[Image-caption web data]
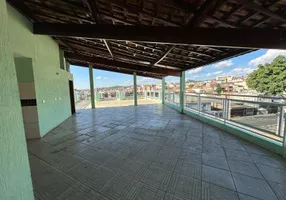 Foto 1 de Sobrado com 3 Quartos à venda, 294m² em Vila Tibirica, Santo André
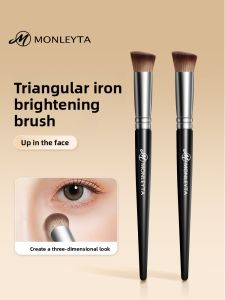MONLEYTA | Triangle Highlight Iron Brush Eye Face Brightening Under Eye Bags Fade Nose Wrinkle Seamless Concealer Contour Makeup Brush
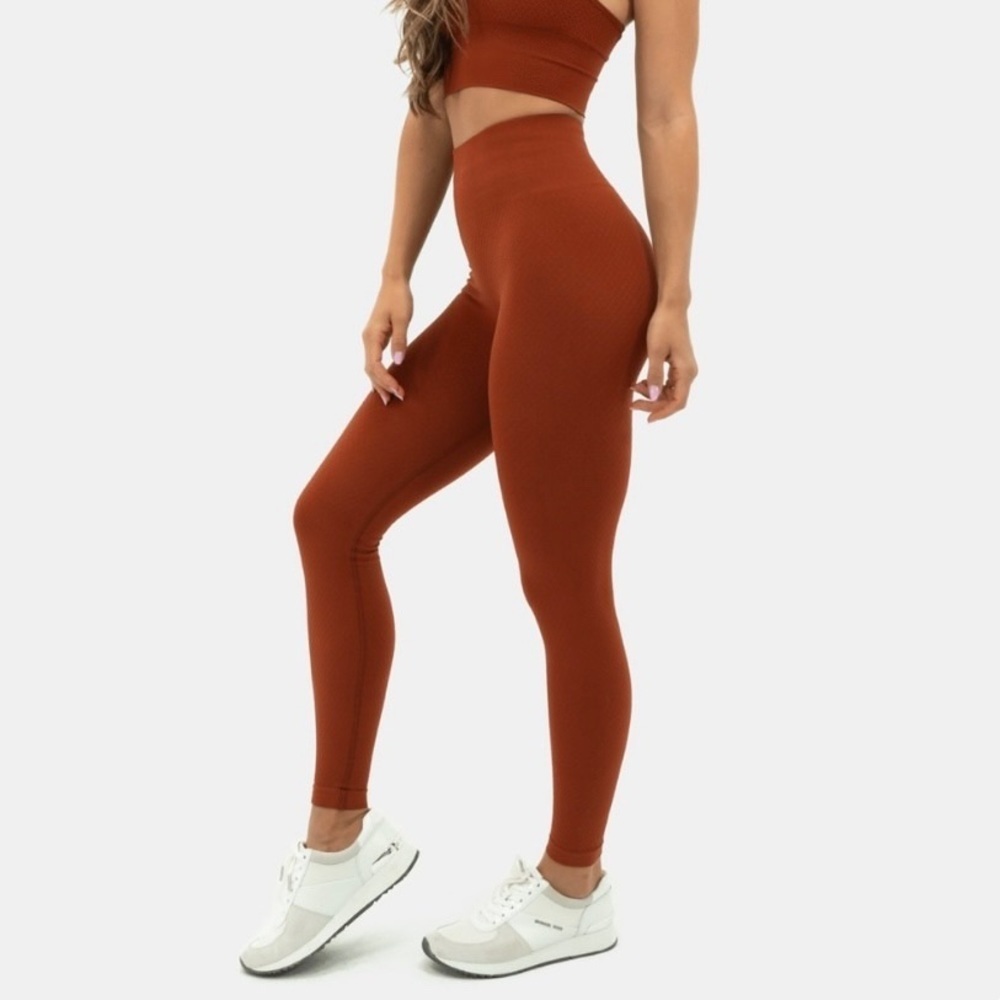 Balance Athletica Energy Leggings in Amber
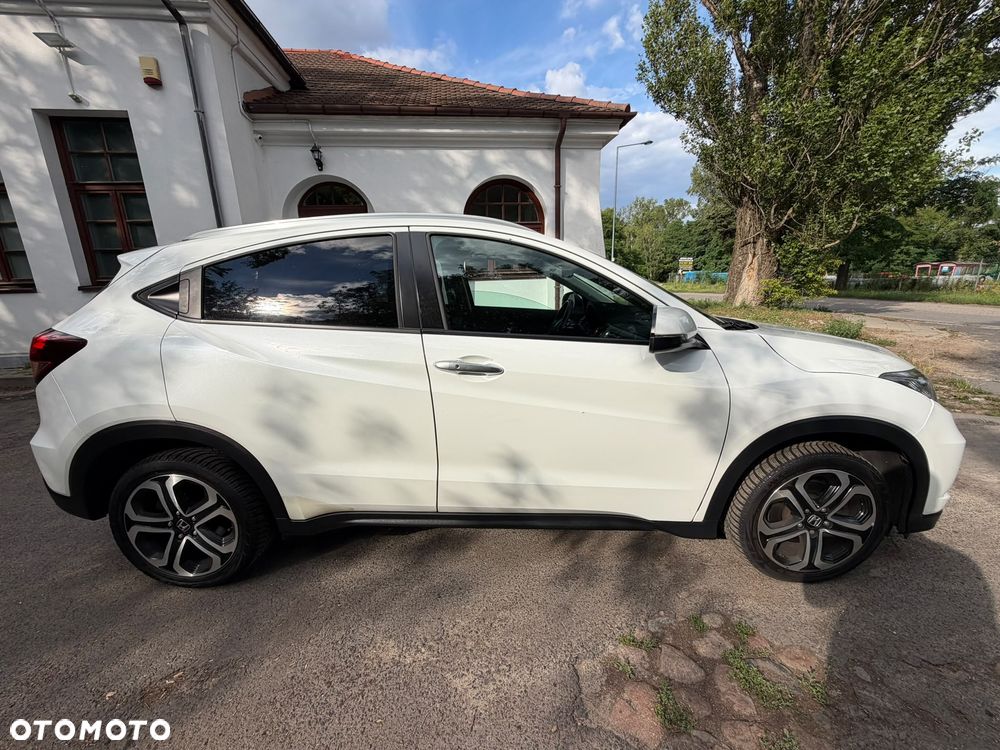 Honda HR-V 1.5 Executive (ADAS) CVT - 12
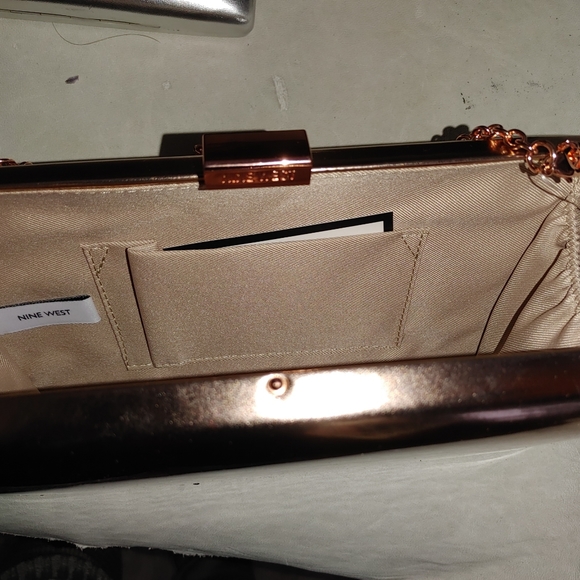 NINE WEST METALLIC CLUTCH - Picture 6 of 6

### WORK INSTRUCTION
Write the entries out in full and exactly, omitting every picture.

### SOLUTION TO THIS EXERCISE
 Foto 1 de Sobrado com 3 Quartos à venda, 294m² em Vila Tibirica, Santo André
MONLEYTA | Triangle Highlight Iron Brush Eye Face Brightening Under Eye Bags Fade Nose Wrinkle Seamless Concealer Contour Makeup Brush
 Balance Athletica Energy Leggings in Amber
 Honda HR-V 1.5 Executive (ADAS) CVT - 12
 NINE WEST METALLIC CLUTCH - Picture 6 of 6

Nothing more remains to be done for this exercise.